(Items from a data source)

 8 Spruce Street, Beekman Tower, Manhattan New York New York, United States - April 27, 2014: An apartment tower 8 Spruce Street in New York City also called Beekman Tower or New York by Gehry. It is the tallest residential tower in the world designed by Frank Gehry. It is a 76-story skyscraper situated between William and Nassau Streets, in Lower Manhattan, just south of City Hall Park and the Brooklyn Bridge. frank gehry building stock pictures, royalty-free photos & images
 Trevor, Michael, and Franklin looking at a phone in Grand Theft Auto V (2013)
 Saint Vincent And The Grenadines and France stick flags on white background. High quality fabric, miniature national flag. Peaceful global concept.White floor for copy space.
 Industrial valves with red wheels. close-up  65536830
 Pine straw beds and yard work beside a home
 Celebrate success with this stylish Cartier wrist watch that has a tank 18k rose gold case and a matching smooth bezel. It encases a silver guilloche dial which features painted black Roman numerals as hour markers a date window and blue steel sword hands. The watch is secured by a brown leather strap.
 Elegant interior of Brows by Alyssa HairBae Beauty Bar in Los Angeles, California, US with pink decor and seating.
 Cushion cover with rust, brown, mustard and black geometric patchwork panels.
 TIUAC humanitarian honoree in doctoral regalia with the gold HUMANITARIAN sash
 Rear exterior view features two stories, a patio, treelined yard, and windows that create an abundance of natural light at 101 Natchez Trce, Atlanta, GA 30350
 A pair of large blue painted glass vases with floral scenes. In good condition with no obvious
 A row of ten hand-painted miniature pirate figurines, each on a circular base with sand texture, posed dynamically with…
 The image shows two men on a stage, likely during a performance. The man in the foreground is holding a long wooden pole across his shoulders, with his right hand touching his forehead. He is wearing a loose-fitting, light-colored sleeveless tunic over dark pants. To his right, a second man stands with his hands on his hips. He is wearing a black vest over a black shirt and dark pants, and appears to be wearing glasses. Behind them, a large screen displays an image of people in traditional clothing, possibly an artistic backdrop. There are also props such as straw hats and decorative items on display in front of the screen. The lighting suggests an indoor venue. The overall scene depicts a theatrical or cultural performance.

### WORK TASK
In full and word for word, output the entries.

### EXERCISE RESULT
 8 Spruce Street, Beekman Tower, Manhattan New York New York, United States - April 27, 2014: An apartment tower 8 Spruce Street in New York City also called Beekman Tower or New York by Gehry. It is the tallest residential tower in the world designed by Frank Gehry. It is a 76-story skyscraper situated between William and Nassau Streets, in Lower Manhattan, just south of City Hall Park and the Brooklyn Bridge. frank gehry building stock pictures, royalty-free photos & images
 Trevor, Michael, and Franklin looking at a phone in Grand Theft Auto V (2013)
 Saint Vincent And The Grenadines and France stick flags on white background. High quality fabric, miniature national flag. Peaceful global concept.White floor for copy space.
 Industrial valves with red wheels. close-up  65536830
 Pine straw beds and yard work beside a home
 Celebrate success with this stylish Cartier wrist watch that has a tank 18k rose gold case and a matching smooth bezel. It encases a silver guilloche dial which features painted black Roman numerals as hour markers a date window and blue steel sword hands. The watch is secured by a brown leather strap.
 Elegant interior of Brows by Alyssa HairBae Beauty Bar in Los Angeles, California, US with pink decor and seating.
 Cushion cover with rust, brown, mustard and black geometric patchwork panels.
 TIUAC humanitarian honoree in doctoral regalia with the gold HUMANITARIAN sash
 Rear exterior view features two stories, a patio, treelined yard, and windows that create an abundance of natural light at 101 Natchez Trce, Atlanta, GA 30350
 A pair of large blue painted glass vases with floral scenes. In good condition with no obvious
 A row of ten hand-painted miniature pirate figurines, each on a circular base with sand texture, posed dynamically with…
 The image shows two men on a stage, likely during a performance. The man in the foreground is holding a long wooden pole across his shoulders, with his right hand touching his forehead. He is wearing a loose-fitting, light-colored sleeveless tunic over dark pants. To his right, a second man stands with his hands on his hips. He is wearing a black vest over a black shirt and dark pants, and appears to be wearing glasses. Behind them, a large screen displays an image of people in traditional clothing, possibly an artistic backdrop. There are also props such as straw hats and decorative items on display in front of the screen. The lighting suggests an indoor venue. The overall scene depicts a theatrical or cultural performance.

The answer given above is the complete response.